Part 3 goes into more detail about how the FERC colludes with the industry to mislead the general public on infrastructure projects. He lists how Kinder Morgan has engaged in a litany of misleading information and deliberate obfuscation of the truth – and how FERC has stood by and let it happen. Some examples include:
– Made presentations at town meetings where it agreed to provide answers to the written
questions submitted by the town selectmen – and then simply never even attempted to provide
those answers, despite repeated requests for them to do so.
– Filed laughably poor maps from outdated sources
– Represented a 6,000HP compressor station as more or less the same as a 90,000HP one.
– Changed routes and maps without informing affected stakeholders.
– Refused to add additional scoping meetings during extreme snow conditions
– Lied about use of existing right-of-ways, where in fact they will be widening an existing right of way considerably.
– Refused to disclose final location of compressor stations
– Answers legitimate questions with misdirections to irrelevant topics
Anyone involved in the PennEast fight will find these behaviors extremely familiar.

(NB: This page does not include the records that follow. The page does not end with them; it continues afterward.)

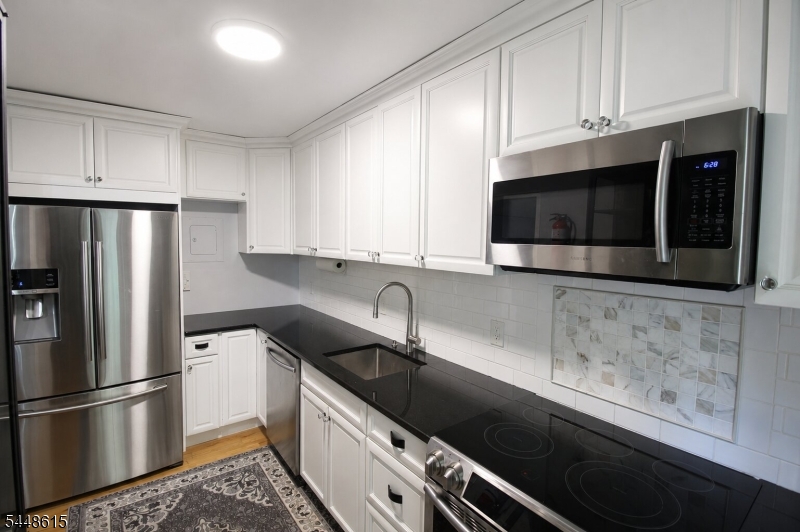 390 Morris Ave 28 Property Photo 4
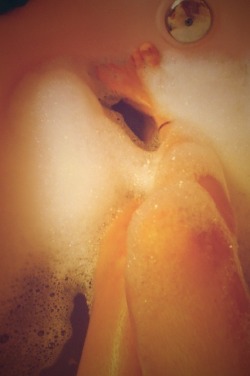 morelovingarms:  Omg bath time yay. It’s been so long since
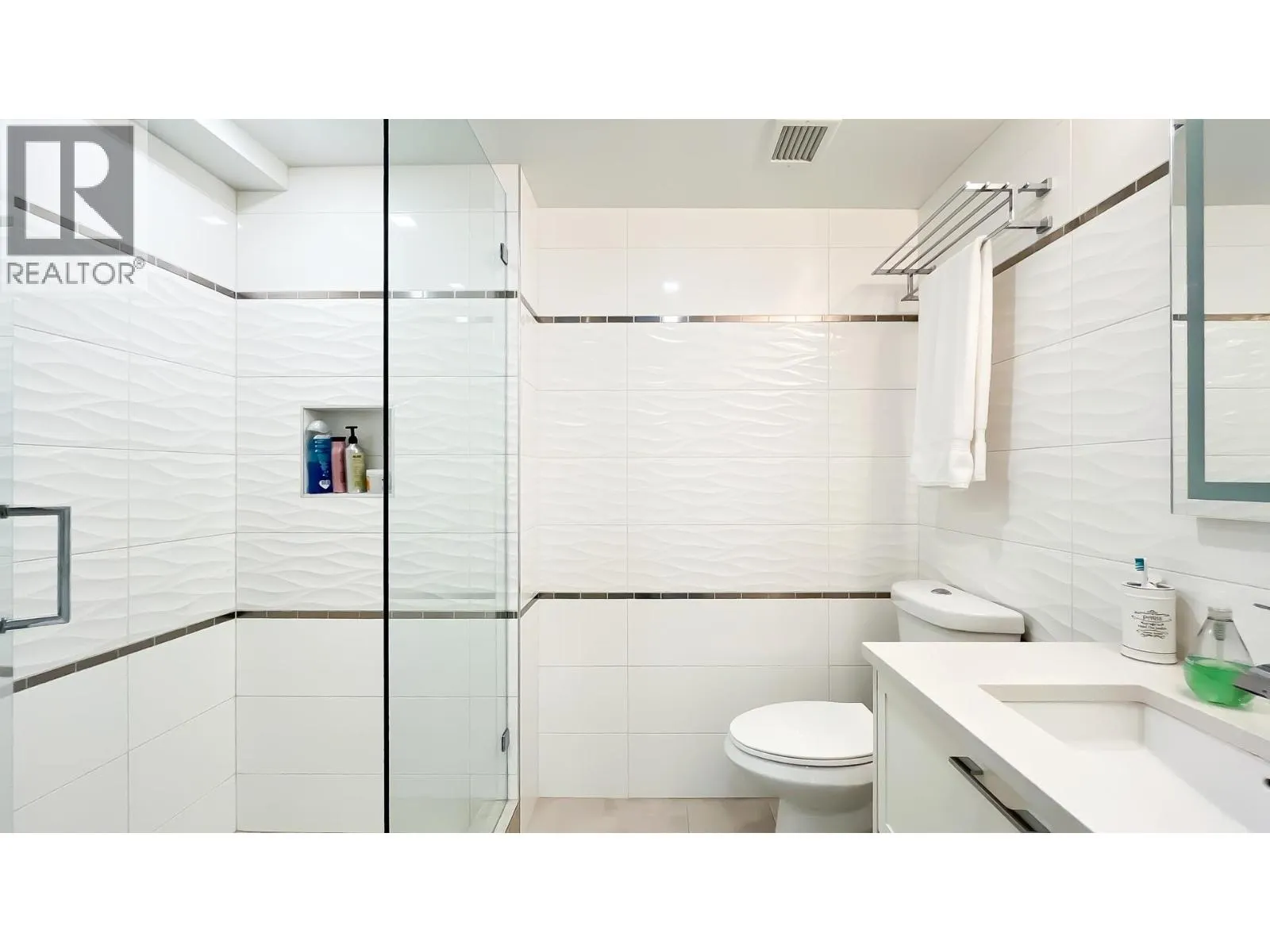 502 1388 HOMER STREET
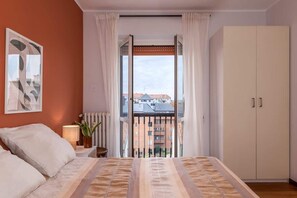 1 室のベッドルーム、デスク、アイロン / アイロン台、WiFi (無料)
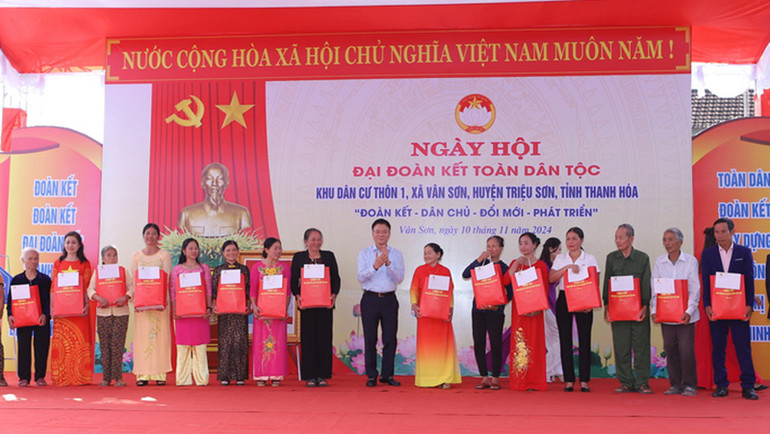 Phó Thủ tướng Chính phủ trao tặng quà cho các gia đình ở khu dân cư thôn 1, xã Vân Sơn. Phó Thủ tướng Chính phủ trao tặng quà cho các gia đình ở khu dân cư thôn 1, xã Vân Sơn.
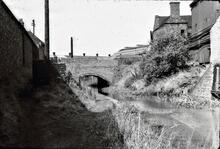 Stourbridge Canal: Brettell Lane Bridge looking towards Leys Junction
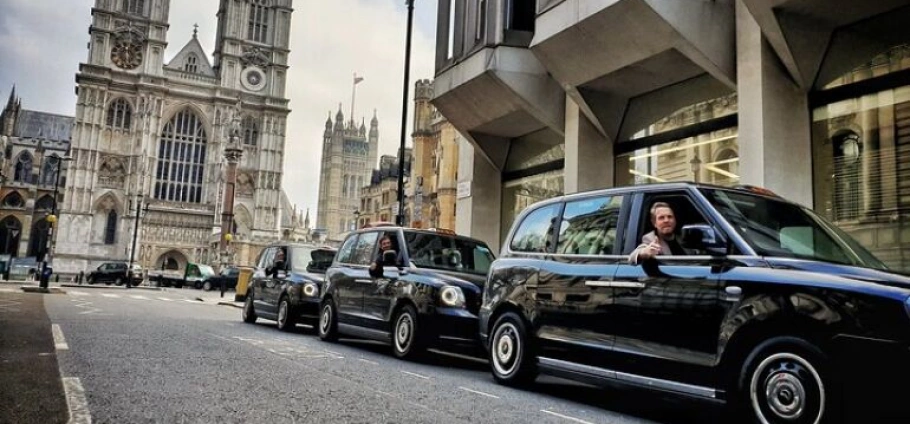 London Black Cab Sightseeing Experience-20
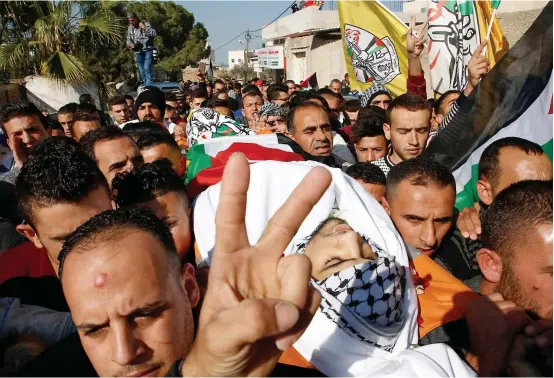  ??  ?? Des milliers de Palestinie­ns ont participé hier aux obsèques de quatre d’entre eux tués la veille par des soldats israéliens.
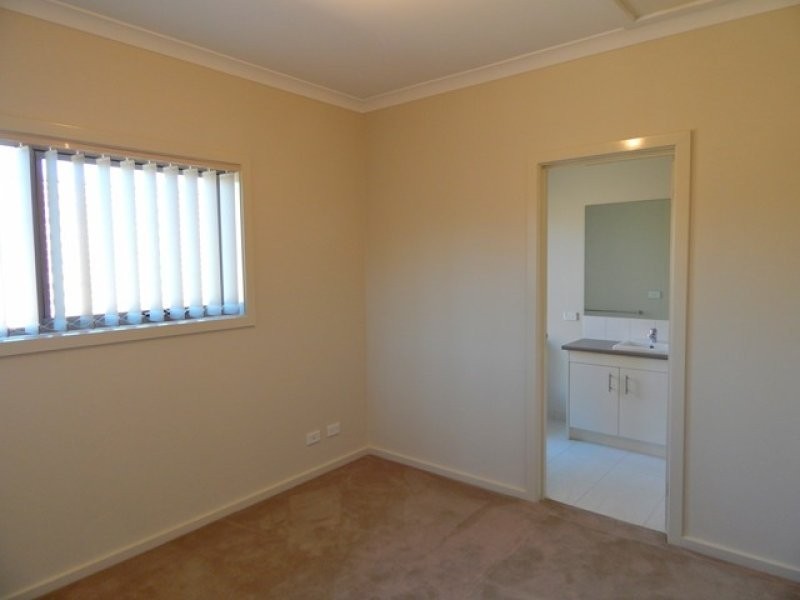 2/10 Tovey Street, Reservoir VIC 3073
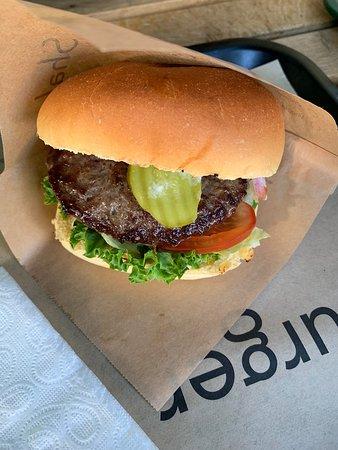 Burger 'n Shake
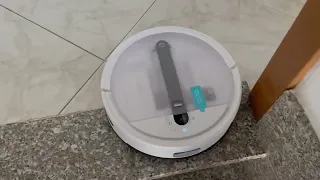 Yeedi Cube Robot Vacuum Cleaner - Returning to the OMNI Station.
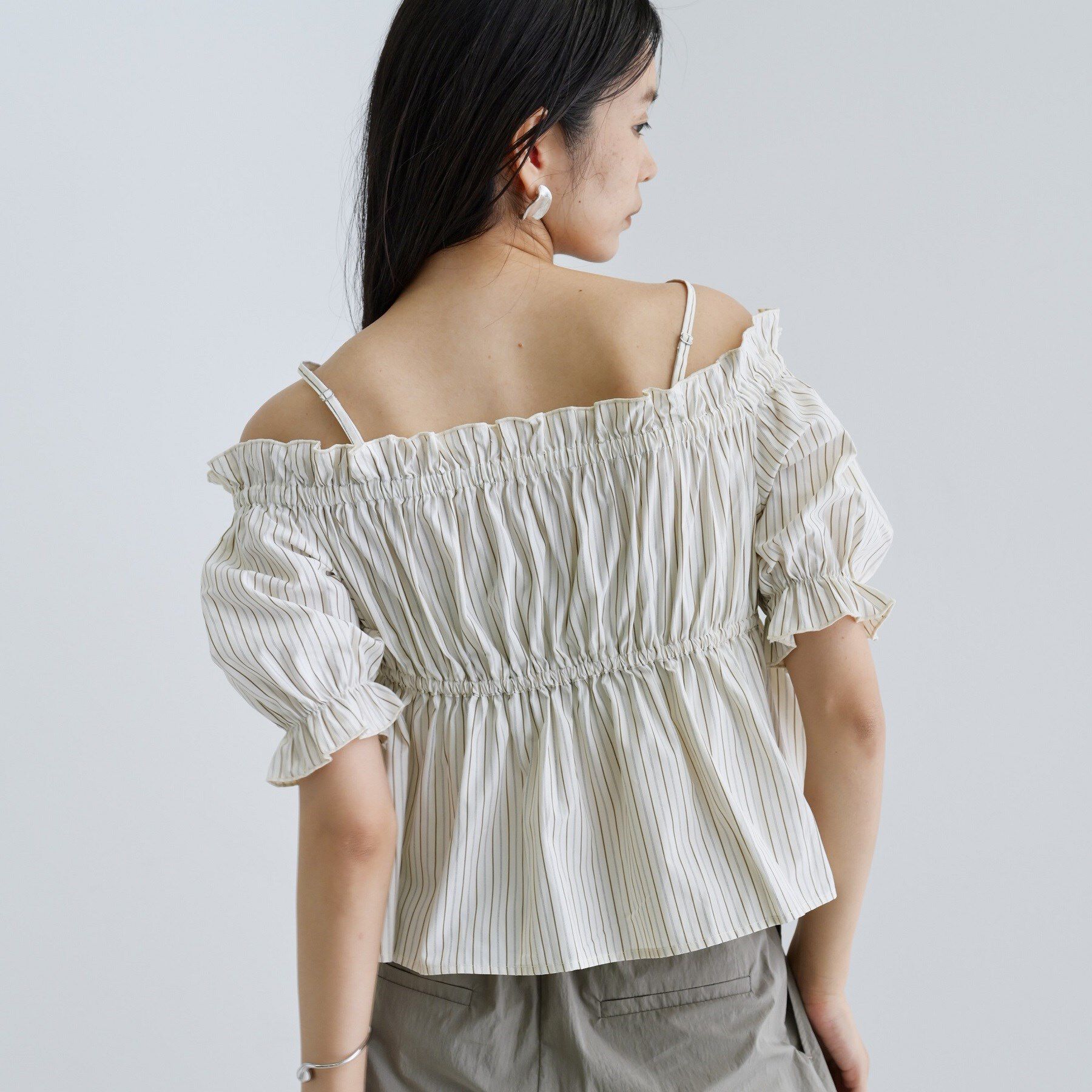 GALLEST「【一部店舗限定】オフショルシャーリングブラウス」|シャツ・ブラウス|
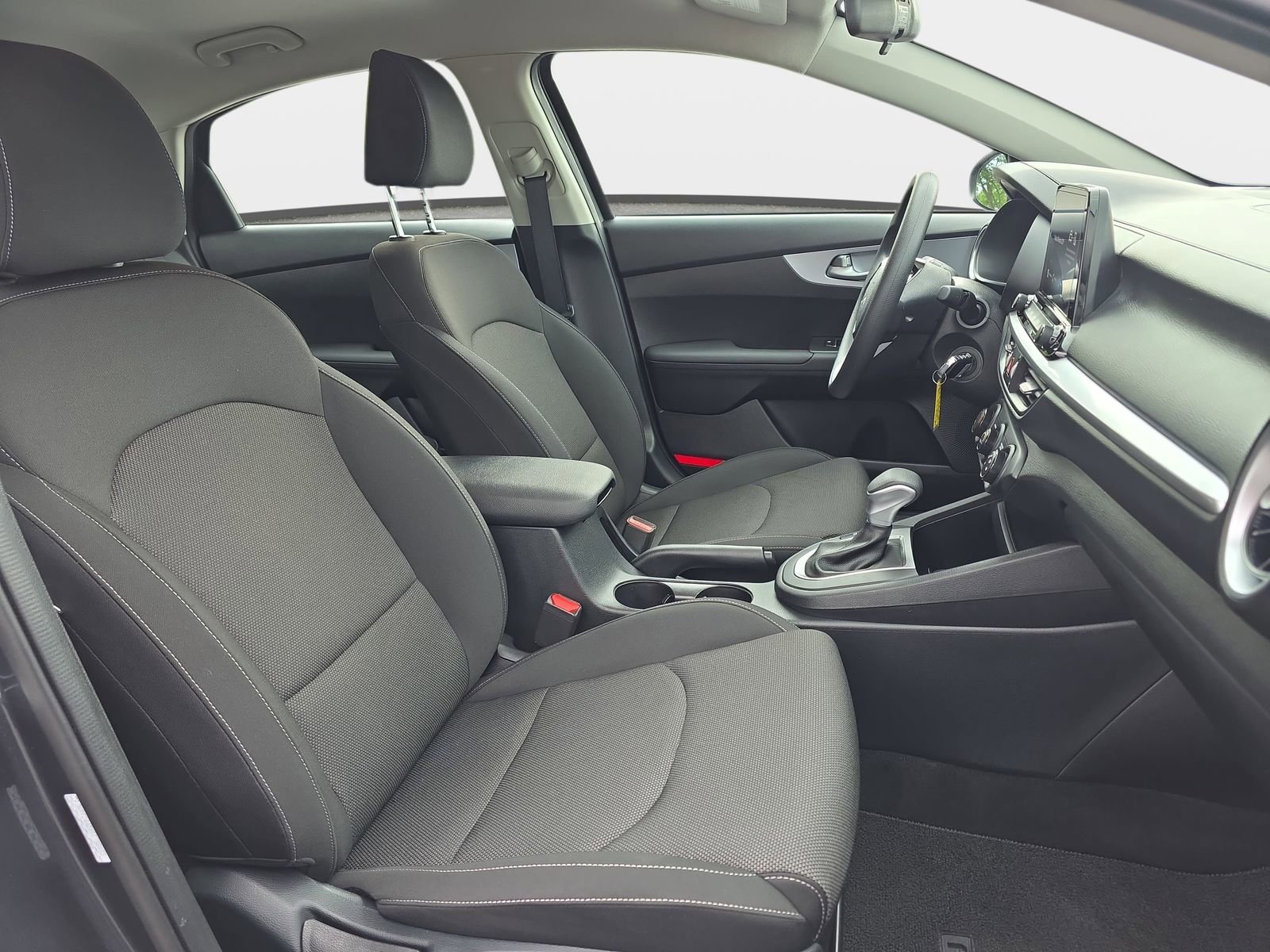 Used 2024 Kia Forte LXS FWD image 10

Part 4 of this magnificent document studies in depth just how short sighted FERC is. It goes into detail about the perils of fracking, and fossil fuels in general. He talks about FERC approving every pipeline project in site with no thought to what those pipelines in the ground will mean 30-40 years from now when they go quiescent. It talks about FERC short-changing the long term for short term corporate profits.
Part 5 is entitled “The “R” Is For Regulatory Not Rubberstamp” and is pretty self-explanatory. As we’ve seen in our fight against PennEast FERC mostly just goes through the motions without any real passion or engagement. They are clearly phoning it all in and have no intention of actually doing their jobs and truly regulating the industry’s growth.
Part 6 is a great little diversion where Nick gives quotes from other prominent people who are critical of the FERC. He includes quotes from Robert F Kennedy Jr, Elizabeth Warren and Jim McGovern. I really like the quote from Warren: “I am very concerned about a regulatory agency that is only able to say ‘yes, yes, yes.’ That’s not the job of a regulatory agency.”
Part 7 wraps it up and ties all the pieces together.
I’m glad there are people around the country like Nick who are willing to not only stand up and fight against the pipeline companies and FERC, but who take an enormous amount of time and effort to really research the issues in-depth and make a stand that is amazing for both its depth and breadth. As I said in the opening of this post, take heart people. We’re not alone in this. People around the country are waking up and see the farce that the FERC has become, and they’re determined to do something about. So keep it up and let’s do our part and contribute that noble goal of reforming the FERC and the energy policy in this country along the way.